Give Yourself a Hand Massage: When there’s no professional masseuse in sight, try DIYing a hand massage for instant relaxation that calms a pounding heart.  Massagescan be especially helpful for people who spend a lot of time typing on a keyboard. Hands in general can carry a lot of tension. Apply some luxurious lotion and start kneading the base of the muscle under the thumb to relieve stress in the shoulders, neck, and scalp.

Try Acupressure: Pressure to meet a deadline can be stressful, but acupressure can help release all that tension. Acupressure’s a kind of touch therapy that works by balancing the circulation of fluids and energies in the body. Use the thumb and forefinger to massage the soft area between the thumb and index finger of the other hand. Dab on some lavender oil for extra relaxation.

Rub Your Feet Over a Golf Ball: Leave the clubs at home and just bring the ball. You can get an impromptu relaxing foot massage by rubbing your feet back and forth over a golf ball.

Squeeze a Stress Ball: On days when you want to strangle a coworker, your BFF, or the driver in the next lane, squeeze a stress ball instead. It’s an easy, portable, and non-violent way to relieve tension.

Drip Cold Water On Your Wrists: Pass on the perfume and go with water. When stress hits, head for the bathroom and drop some cold water on your wrists and behind your earlobes. There are major arteries right underneath the skin, so cooling these areas can help calm the whole body.

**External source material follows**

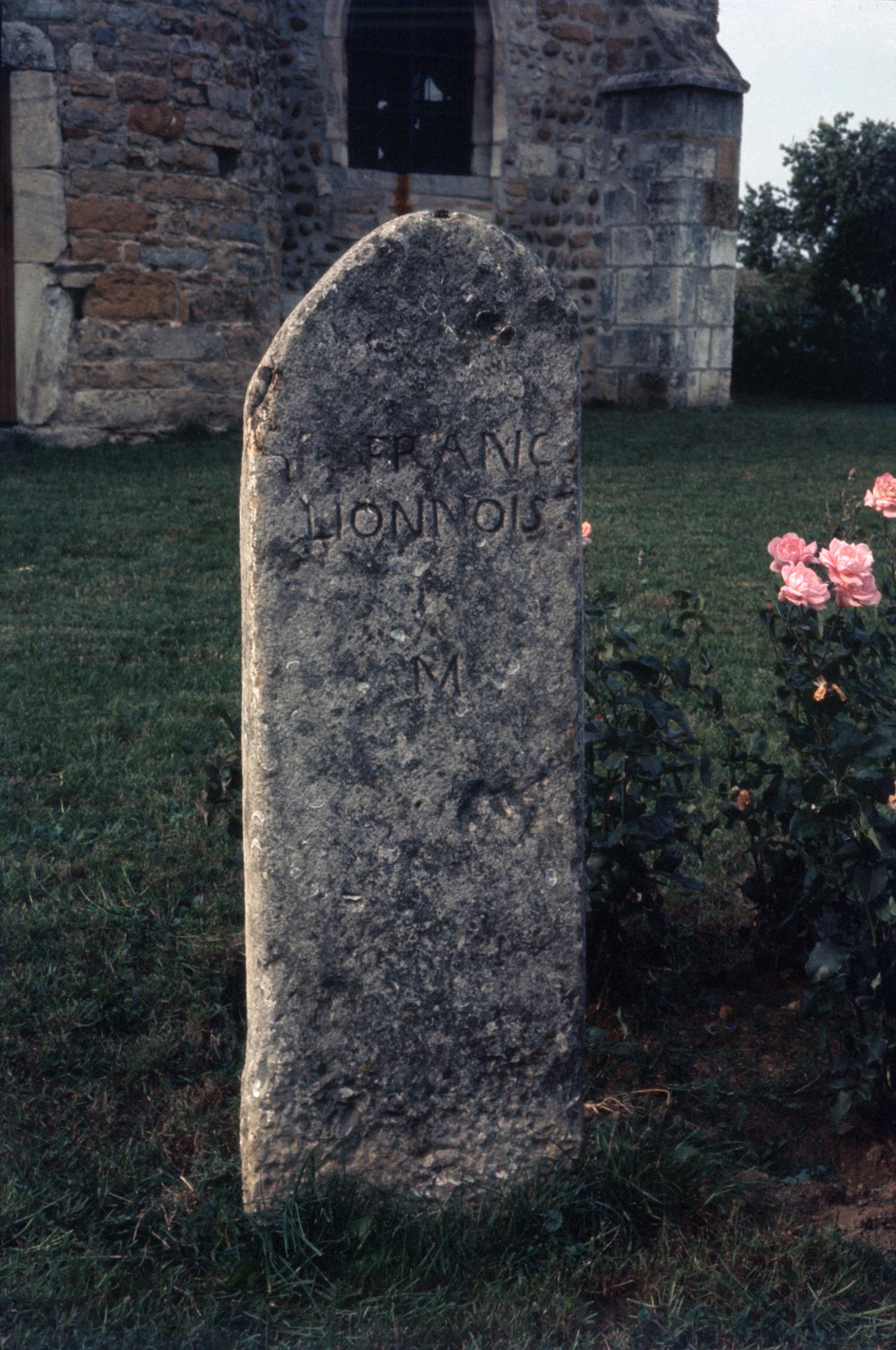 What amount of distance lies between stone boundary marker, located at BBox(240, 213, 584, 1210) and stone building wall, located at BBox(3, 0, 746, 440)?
8078mm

Brush Your Hair: Really, it looks like a rat’s nest. Even if you’ve already done your 100 strokes for the day, repetitive motions like running a brush through your hair can cause the body to relax.

New Environment

Be Alone: Not everyone needs a cabin the woods, but five minutes of alone time can help you collect your thoughts and clear your head.

Create a Zen Zone: Hiding in a bathroom stall might not sound calming, but do make (or find) a space that’s completely free of stress where you can go to relax. Set up a comfortable chair or light some incense and disappear there for a few minutes until the tension dissipates.

Find the Sun: Here comes the sun — and some stress relief. If it’s a sunny day, head outside for an easy way to lift your spirits. Bright light can be an effective treatment for people who suffer from depression, and can even cheer up otherwise healthy folks.